This makes complete sense -
- if everything in the world is explained by supply and demand, and
- if human decision-making is the same for all decisions- you don't have an economic side of the brain and a non-economic side

then this work is a real contribution. But I have my doubts :-)

It's like Gary Becker's theories on the rationality of committing suicide - when your net present discounted value of future experiences is less than zero it's the only rational thing to do.  But - what if rationality is overrated here?

I'm a child of the enlightment - but I don't think it's a sin to float the idea that the brain's hardware doesn't necessarily produce rational outcomes. I'm not suggesting any spooky spirit mechanisms - I'm sort of a Darwinian and think that the brain was optimized for survival. There's certainly overlap in the skills you need to survive and the skills you need to be a rational economic actor but they are not the same.

In some ways I have no doubt that everything *could* be described by supply/demand/rationality/optimization - but to translate the human experience into this limited vocabulary requires some subtlety and skill. And then it's only a model. The model may have its uses but it will have limits too.

My obnoxious take on this sort of thing is that the language of economics provides an alternative way to describe human behavior that gives the illusion of understanding and power. There is *some* understanding there and you can get some limited predictive power for some domains.

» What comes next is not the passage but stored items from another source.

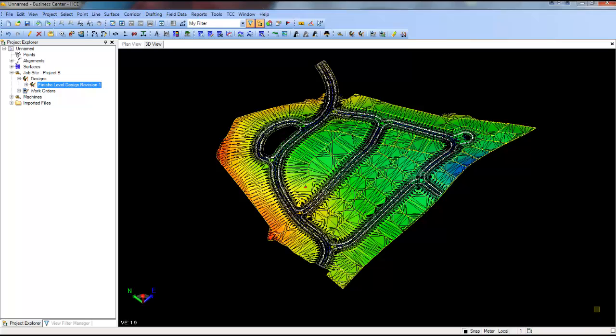Once you are satisfied with the design, simply sync the data via the TCC cloud service directly to your field equipment, or via USB to your SCS900 controllers.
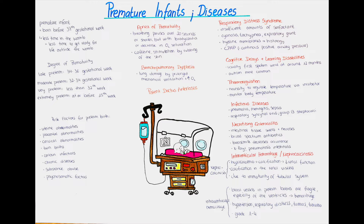Hello and welcome to this video. My name is Jesper. The topic I'm going to be covering will be premature infants. We're going to talk about some diseases and complications that premature infants can get, as well as some risk factors for the mother of having a premature birth.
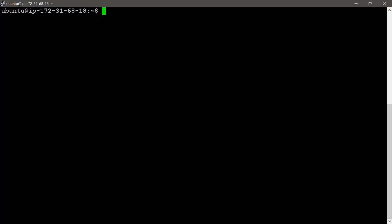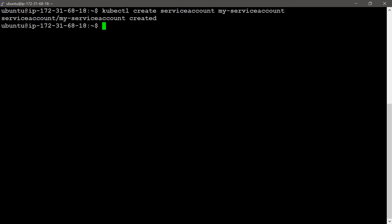I will create a service account with the command line: kubectl create serviceaccount. I am giving the service account name as my-service-account. The service account was created. I will use this service account name attribute in the pod spec.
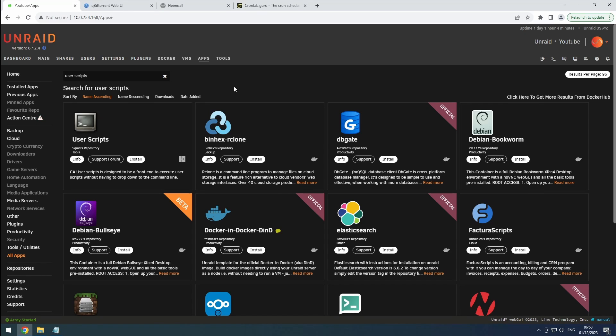Hey everyone! Welcome back to the Riffsphere channel. As you delve deeper into using Unraid, you'll find yourself working with scripts and seeking ways to automate tasks.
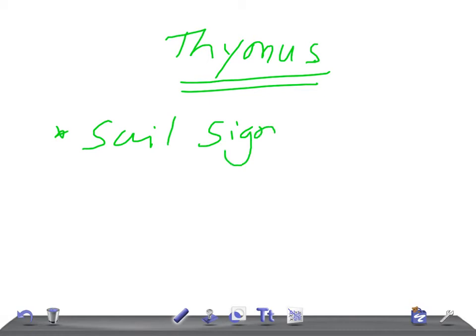A very important sign is the sail sign. The thymus has a characteristic triangular shape known as the sail sign. Just Google the images, guys — you will remember it for a longer time if you see it.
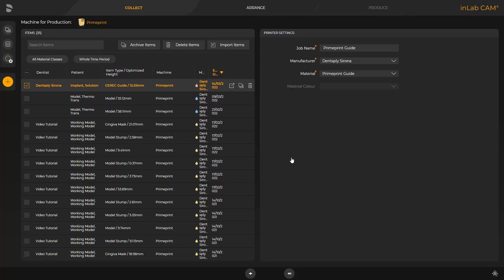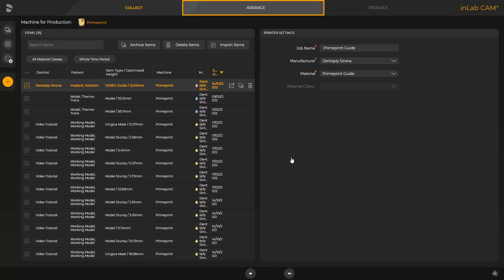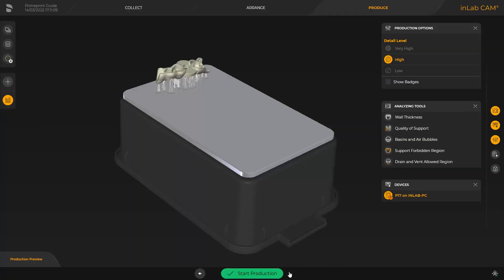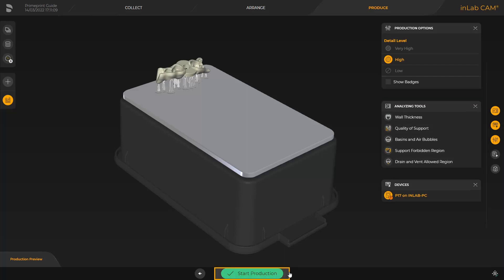After the InLabCam software is opened, all cases previously transmitted are displayed and the CEREC guide job is already selected. Here, we can either select the so-called FastTrack by tapping the double arrow, or we can switch to the next phase, the Arrange phase. FastTrack will take you directly to the last phase, Produce. In this case, the InLabCam software automatically positions and orients the print object on the build platform, and also defines the support structure automatically. Detailed information about the InLabCam software can be found in a different video tutorial. We click on the double arrow and can finally modify the detail level in the window under Production options and analyze the print object with the analyzing tools. To start printing, we tap the green area labeled Start Production.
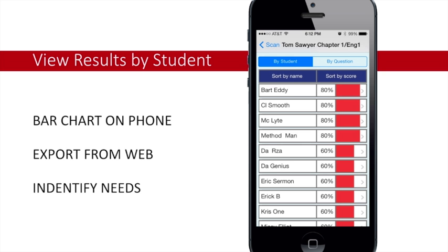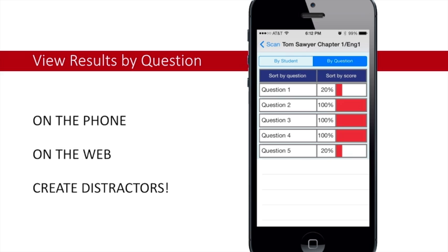Once you have graded your assessments, it is easy to make sense of the data. You can start by viewing results by student, which comes in handy if you'd like to group them for collaborative work right on the spot. QuickKey also allows you to view results by question. By tightly aligning your formative assessments to your daily lesson objective, you can get a clear picture of which part of your objective the majority of your students struggled with.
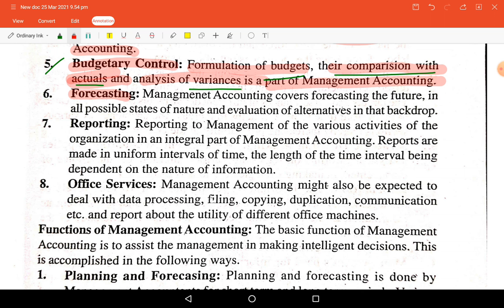Forecasting means foreseeing future events. Management accounting covers forecasting in all possible states of nature and evaluation of alternatives. The organization's mission and vision guide its direction, and management converts these into objectives, goals, and targets assigned to employees at lower levels.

But knowing the limits of the model is key and I haven't seen much work there (there's the Tverskey and Kahneman tradition - which I liked when I read it many years ago - but from what I've seen they are looking at cognitive limits on what most can agree is 'economic' behavior) What we need here is what distortions happen when you are looking at cognition that involves a lot of personal history, shame, physical excitement, hopes for the future,  &etc. 

As a joke it's like the Godel jotd from the other day - but the problem here is that it's hard to model the system when you're inside of it. Economics fixes that problem by pretending that you're on the outside looking in. And then they forget to laugh at the joke.



On 3/10/06, Biju Chacko <[EMAIL PROTECTED]> wrote:
http://tinyurl.com/rn7x7

The Economics Of Prostitution
Michael Noer, 02.14.06, 12:00 PM ET

Wife or whore?

The choice is that simple. At least according to economists Lena
Edlund and Evelyn Korn, it is.

The two well-respected economists created a minor stir in academic
circles a few years back when they published "A Theory of
Prostitution" in the Journal of Political Economy. The paper was
remarkable not only for being accepted by a major journal but also
because it considered wives and whores as economic "goods" that can be
substituted for each other. Men buy, women sell.